Anyway, now Nathan's real father, still working for the CIA, has obtained an encrypted list of government agents who have sold state secrets to the enemy, and the Serbian bad guy who found the list in the first place wants it back so he can blackmail the government with it. His name is Kozlow (Michael Nyqvist), and he wants to capture Nathan to use him as a bargaining chip. Evidently, it was common knowledge among Serbian villains that this CIA black ops agent had a secret son. Apparently, everyone knew it except Nathan.

Agent Burton doesn't want Kozlow to get the list back no matter what. Again, because we have seen movies before, we know that this is because Burton's name is on the list. When it turns out that Nathan's therapist is also secretly a CIA agent who's been assigned to keep an eye on him, we briefly entertain the possibility that it is she who is bad, not Burton. That is the kind of twist that movies of this genre (Regular Idiot Becomes Action Hero While Fleeing Government Villains) often employ. But in this case, no, everything is exactly as it appears to be.
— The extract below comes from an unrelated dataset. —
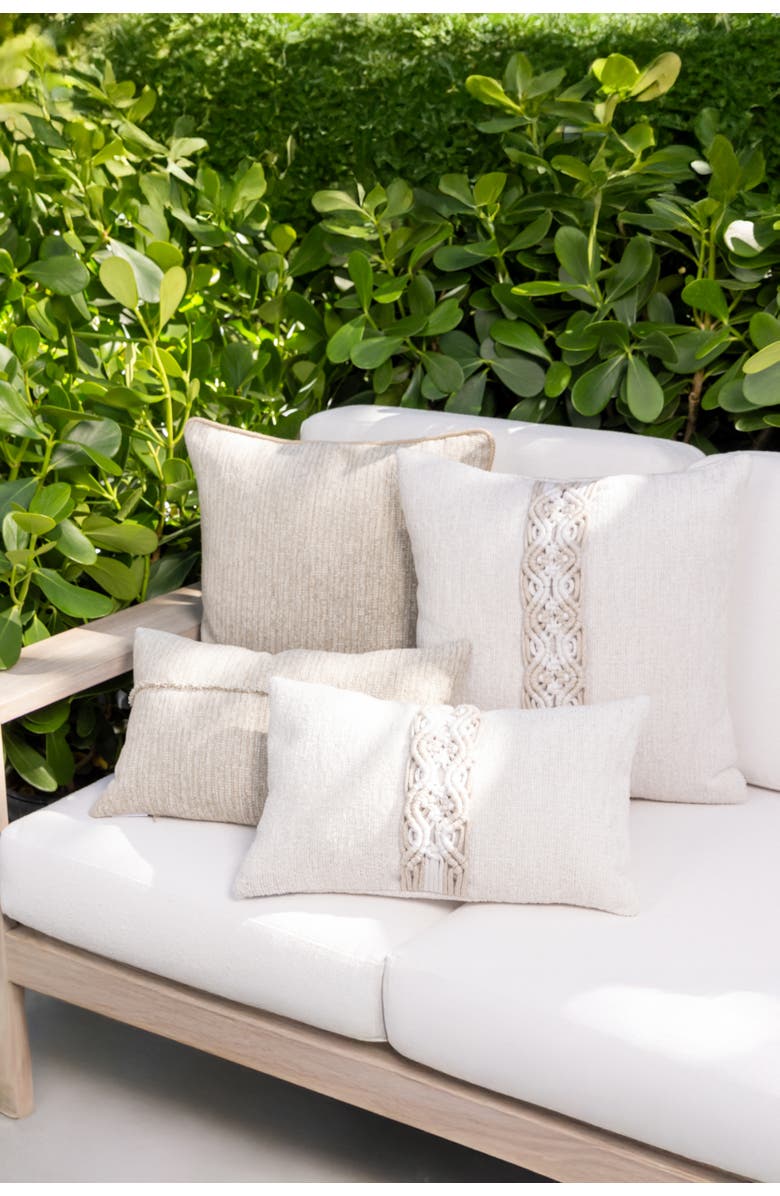 Elaine Smith Sumptuous Fawn Soft Chenille fringed Indoor & Outdoor Woven Accent Pillow, Alternate, color, Fawn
The only surprise at the end is that you're still watching.

AbductionSo, Nathan and Karen are on the run — Nathan because Kozlow and Burton are after him; Karen for no reason except, hey, the movie needs a girl. They end up on a train, where they profess their feelings for one another and kiss passionately, then separate just long enough for a bad guy to grab Karen and tie her up so he can fight with Nathan, who remembers the training his not-father gave him in the backyard and shoves the villain out of the train's window. While Nathan is recalling his fake dad's advice to fight with as little honor and dignity as possible, Karen escapes from her bonds all by herself, thank you very much, though you can bet Nathan will take the credit for saving her.

Throughout all of this, whether he's kissing a girl, learning the truth about his parents or being kicked in the groin, Nathan's facial expression remains fixed. Coincidentally, it is the same expression that Taylor Lautner always has on his face, that of a very dumb puppy who is fervently trying to work out a math problem. It is this flat, dead-eyed central performance that hurts the movie most — not the story's inherent absurdity; not the part at the end where Kozlow gets shot in front of a crowded baseball stadium and nobody notices; not the part where Sigourney Weaver sneaks Nathan out of danger behind a bouquet of helium balloons and then, once Nathan is safe, releases the balloons and says, in a tough Ellen Ripley voice, "I hate balloons." And when your performance is the worst thing about a movie that also has Sigourney Weaver saying "I hate balloons," you know you've really done something special.